Multi-Agent Architecture, Part 9: Evaluation — Scoring and Improving Agent Conversations

This is Part 9 of the Multi-Agent Architecture series. In Part 8 we covered observability — how to see what your system is doing. Today we close the loop: how do you know if what it is doing is actually good?

The Problem Nobody Wants to Talk About

You shipped your multi-agent system. Agents are routing, handoffs are flowing, tools are executing. The observability dashboard is green. But here is the question that keeps me up at night: are the agents actually helping?
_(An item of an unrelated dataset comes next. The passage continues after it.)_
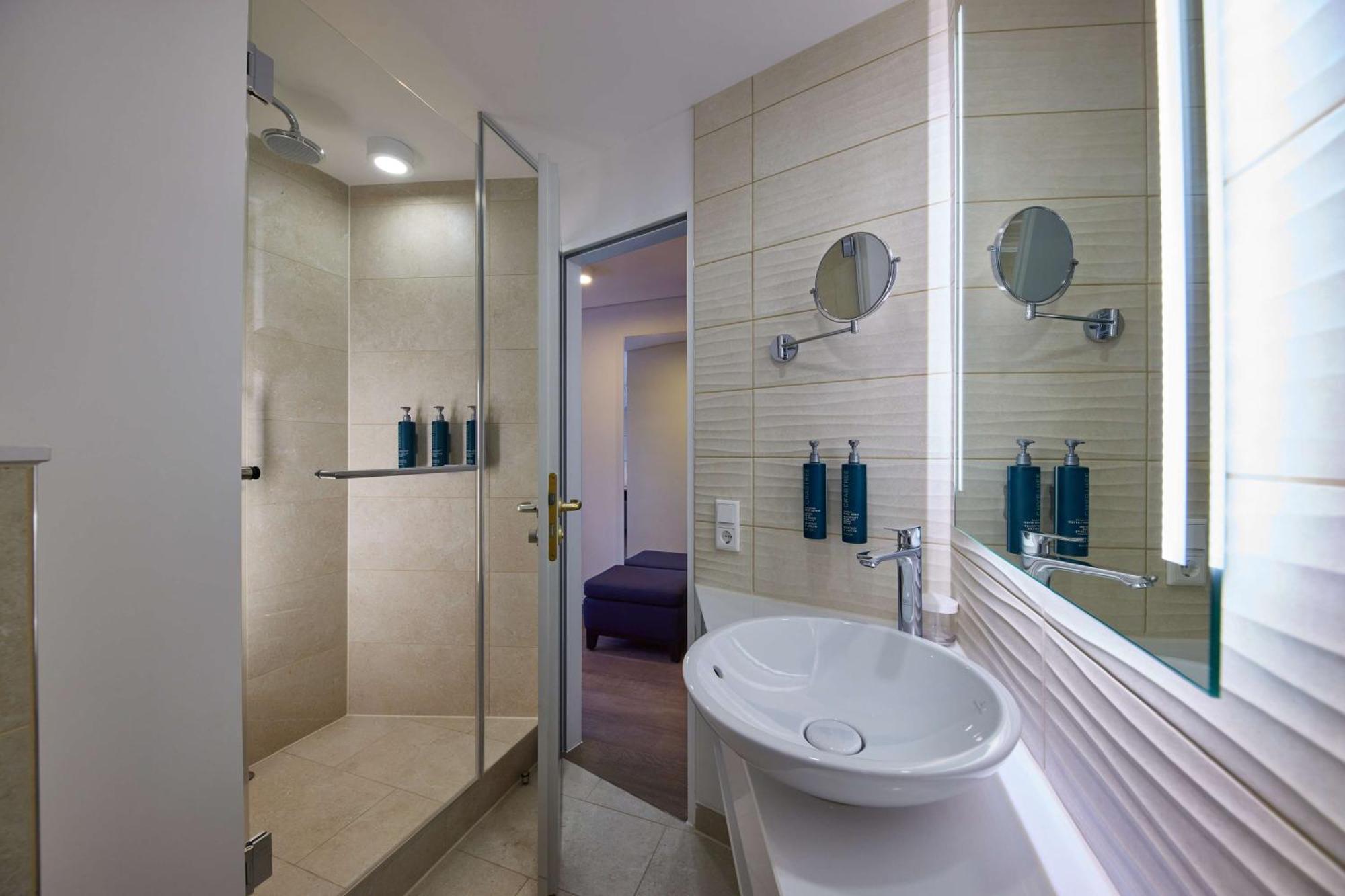 Doubletree By Hilton Hannover Schweizerhof Luaran gambar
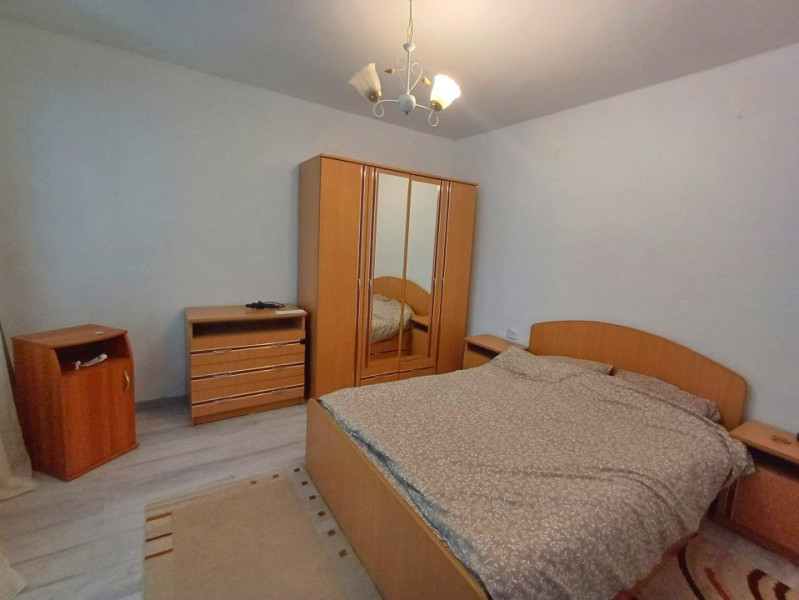 Apartament 2 camere de închiriat -etajul 2 -  PODU ROȘ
Observability tells you the system is running. Evaluation tells you the system is working. There is a meaningful difference. A conversation can complete without errors, hit every checkpoint, resolve in under two minutes, and still leave the customer worse off than when they started — because the agent gave a confident, well-formatted, completely wrong answer.

Traditional software has test suites. You write assertions, run them, and get a binary pass/fail. Multi-agent conversations do not work that way. The output is natural language. The quality depends on context, tone, accuracy, and whether the agent actually solved the user's problem. You cannot assertEqual your way through that.

RoomKit approaches this with a combination of structured observations, task tracking, phase audit trails, and feedback loops that let you score conversations continuously — not just in a test harness, but in production.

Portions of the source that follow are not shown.